Jeremiah is even worse, it’s a much bigger story, infinitely more horrible. And there is a detail, not in the Jeremiah parts used in church today, but in the songs in exile. By the rivers of Babylon, where we sat down, where we wept when we remembered Zion. And in the end the singer wishes, or the singers wish they will one day brutally kill the children of the oppressors. That’s the detail in Murong Xuecun’s speech I was thinking about.

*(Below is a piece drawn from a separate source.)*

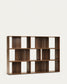 Set Litto di 6 ripiani modulari impiallacciati noce 168 x 114 cm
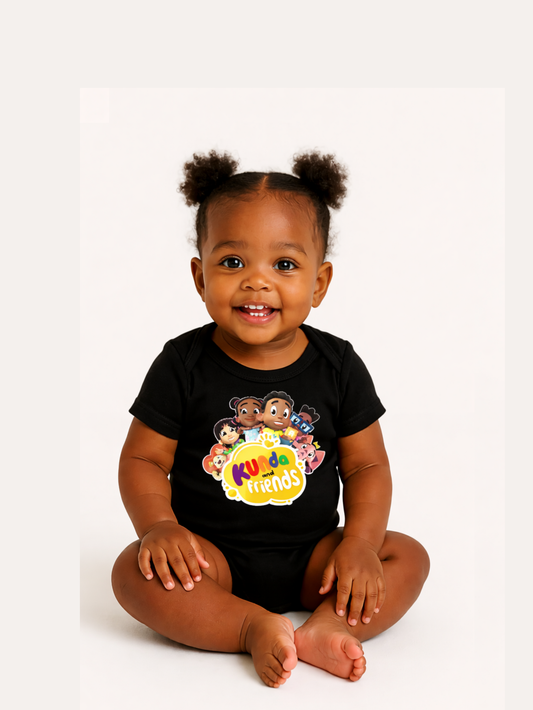 Kunda and Friends Baby Bodysuit (ages 3-18 months)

The calling of Jeremiah, where he says he’s too young, and God says he has to go and obey, and open his mouth, and God will put His words into his mouth, and he will be set above nations and kingdoms, so he can pluck out and demolish, ruin and destroy, as well as plant and build. The preacher said she thought of parting and setting off to other posts, and how the Marschallin in Hugo von Hofmannsthal’s and Richard Strauss’ Rosenkavalier sings of what she will have to give up. What a horrible comparison! There is nothing light in Jeremiah. There are no waltzes. Ok, Rivers of Babylon, yes. But with Jeremiah, if you have to mention Austrian writers, Franz Werfel would be much more apt. Werfel was Jewish and used Jeremiah, a lot. Ok, she did mention, much too briefly how nobody would heed Jeremiah, and that it’s actually the most terrible story.

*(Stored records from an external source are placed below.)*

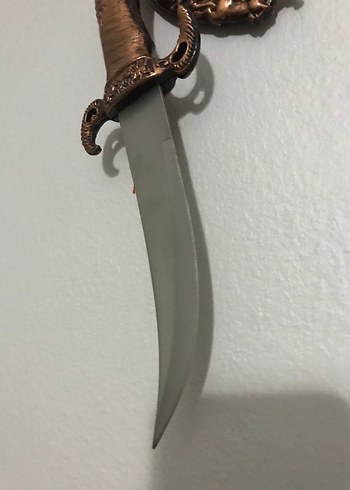 Kırmızı Kılıflı At Başı Dekoratif Kılıç - Görsel 3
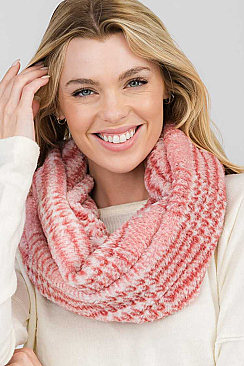 Pack of 12 Charming Assorted Color Fashion Infinity Scarf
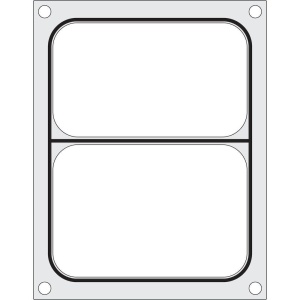 Matrita sigilare pentru un recipient cu doua compartimente 227x178 mm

Anyway, when I heard Jeremiah, I thought of Bob Dylan. Masters of War. “How much do I know, to talk out of turn? You might say that I’m young; you might say I’m unlearned. But there is one thing I know, though I’m younger than you, it’s that Jesus would never forgive what you do. […] And I’ll watch while you’re lowered onto your deathbed, and I’ll stand on your grave and make sure that you’re dead.” I don’t know if Dylan thought of Nixon and Kissinger explicitly, when he wrote this song. America’s Vietnam War was raging, and I think the song came out when Nixon and Kissinger where in power. Anyway, there is that Monty Python song about Kissinger. Very explicit. Dylan and Monty Python would not be able to sing these songs in China on stage today, to say nothing about what Chinese artists can do. No, Murong Xuecun doesn’t exaggerate.

x and y

x was cruel

butt is sore

y was able

and suave.

both loved culture

both destroyed

hundred million

butts are cold

MW         March 2007

Yes, I thought of Mao and Nixon, and their sidekicks. But x and y could stand for many people, and could be mentioned anywhere, at least today. Almost anywhere, probably. Anyway, it’s about smoking, you know. Littering. OK, enough for today.